Alongside the recipes, we explore what is behind our love of Italian cooking, what we can learn from it and how we can incorporate it into our own culture. Maria Grazia describes her appreciation of food and its centrality in our lives, not only in its role to nourish and satisfy but also in its wider meaning.
We can make daily choices that have
an impact on our health and on the
people we care about and on the health
of the environment
Maria Grazia Furnari
My Italian Family Background
Maria Grazia Furnari
I was born in Sicily with Irish and Sicilian parents . My mum came from what was in many ways a traditional Irish family, but where education and travelling were priorities even at times when money was not plentiful.

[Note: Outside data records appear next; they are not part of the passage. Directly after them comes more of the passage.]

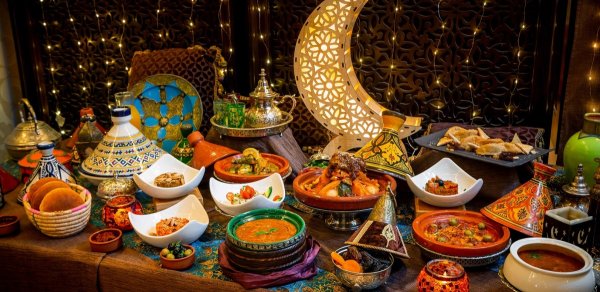 Dördüncü günün duası - İmsak və iftar vaxtı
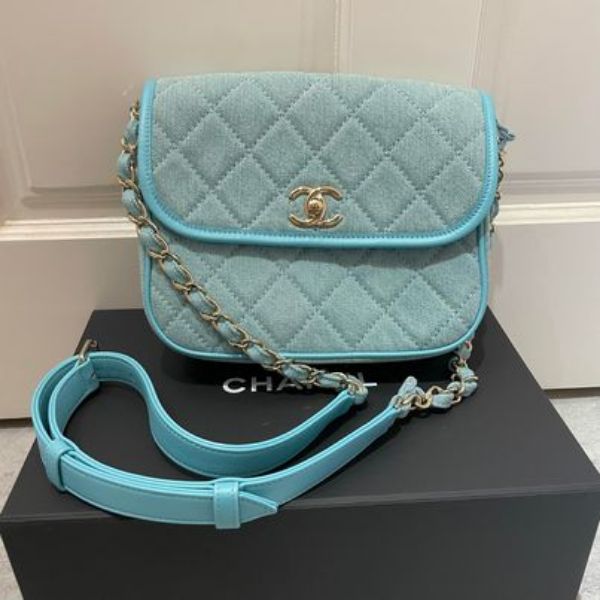 圖片 Chanel天藍色牛仔郵差包💙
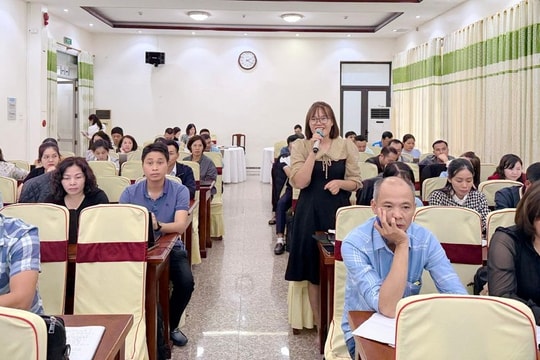 Tổ chức tập huấn cán bộ quản lý, giáo viên cấp trung học về phát triển năng lực số cho học sinh phổ thông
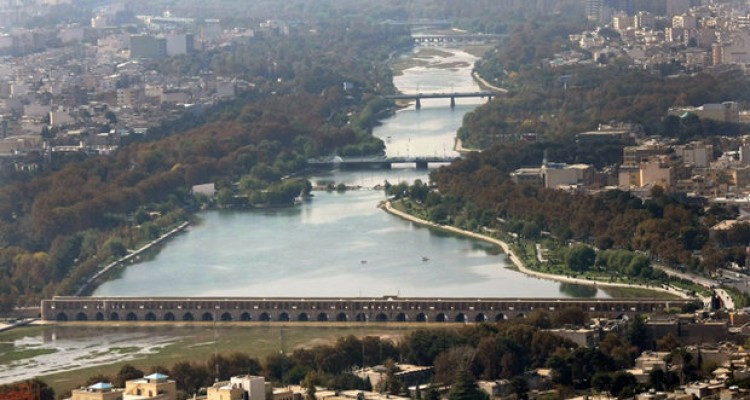 زاینده رود بار دیگر می‌خشکد/ سراب وعده‌ها مقابل چشم مردم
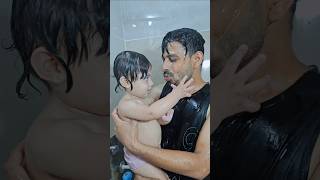 🥰😘#fatherdaughterbonding #shower #cutegirl #babysmile #trendingshorts #fatherhood #babybath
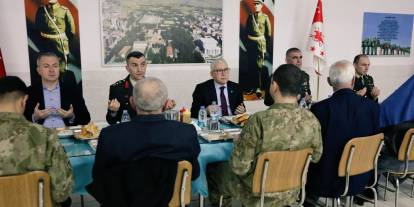 Sivas protokolü iftarını Mehmetçik'le açtı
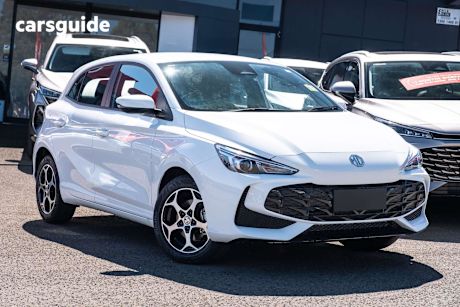 White 2025 MG MG3 Hatchback Excite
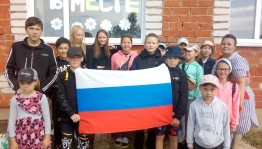 Конкурс рисунков на асфальте «Три цвета красками сияют - в стране день флага отмечают»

My father came from Adrano, a big Sicilian farming town, made famous by a farmers revolt in the 1950s to claim ownership of the land in what was at that time a quasi-feudal system. His father was a farmer who went into the countryside every day on his donkey to bring home fresh fruit and vegetables. His sister, (Graziella) the woman I took my first name from, had a salumeria (grocery) on the main square where, even in post war times, you would always be welcomed by the aroma of fresh bread and an abundance of the best olive oil, cheese, olives and anchovies.